Y este artículo me sale a propósito de lo que me pidió un buen amigo periodista. Necesita que le narre alguna anécdota que ilustre las situaciones que vivimos los autores en las ferias (las del libro, se entiende).

Partiré, si ustedes me lo permiten, desde mi particular capítulo de confesiones, admitiendo que no son santo de mi devoción las ferias varias. A lo mejor, la que se celebra en mi pueblo a final de mayo, con buen jamón y vino fino, quizás me aliente más el espíritu. No me hacen del todo feliz las concentraciones, en pocos días, de actos librescos, autores en compaña y campaña, ventas (y no ventas) de libros, dedicatorias atropelladas y fotografías de rigor con personas que, como esos familiares impuestos y superpuestos en las comidas navideñas, ni te van ni te vienen, aunque también sea lugar de encuentro entre amigos. Admiro la labor de libreros, editores e incombustibles escritores de literatura de la que se empeñan en serlo (entre los que a lo mejor me incluyo), que no cejan en su esfuerzo de trabajar la autoestima, superando el trauma terrible de ver, justo en la caseta de enfrente, una cola infinita deseando que ese nombre instragramer, influencer e idioter, les regale un autógrafo para ese libro de cubierta molona. En fin.

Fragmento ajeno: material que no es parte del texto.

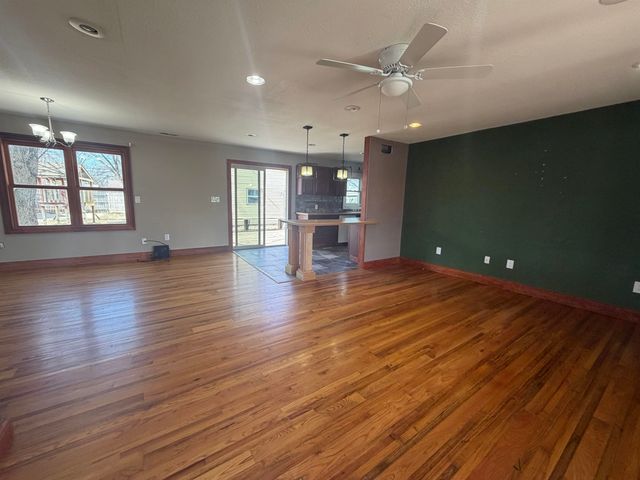 433 N Colby Ave, Valley Center, KS 67147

Desconozco cómo ha sido el balance de las ferias en las que he estado. No manejo las cifras reales (las publicitarias no me las creo mucho). Mejor no indagar. Y es que el otro día leía en el artículo de un amigo, algo que ya sé de sobra: la ingente cantidad de autores supera a los lectores reales. Una locura. Por eso es fácil, por muchos motivos, caer en el desánimo, si a todo lo ya expuesto se le suman los ninguneos y el quítate tú para ponerme yo.

A pesar del cansancio, en las fiestas de los libros hay que estar. Debemos ir con la mirada limpia, y la misma curiosidad que sentíamos antes de nadar en las tripas del mundillo profundo. Se deben celebrar los libros, como buenos lectores, por encima de todo. Es necesaria la dosis prudente de inocencia, para creer que esto que hacemos tiene utilidad, y que si somos nosotros los autores incombustibles con boli en ristre, inventando dedicatorias para esas tres o cuatro almas que se acercan con una sonrisa, es porque también hemos sido lectores y nos merecíamos todo lo bueno, y más. La buena memoria es un valor a tener en cuenta.

Seguirán las ferias y el desaliento. Aunque se sabe que todo es un reflejo de nada, quizás me alegra vivirlas de un modo u otro. Al volver a casa, vaciar la mochila me sacude de los hombros la tristeza, pues llega un buen puñado de libros que colocar junto a los que envían los amigos y ya esperan su turno. Lo mejor de las farsas es reconocerlas. Y de los viajes, el regreso.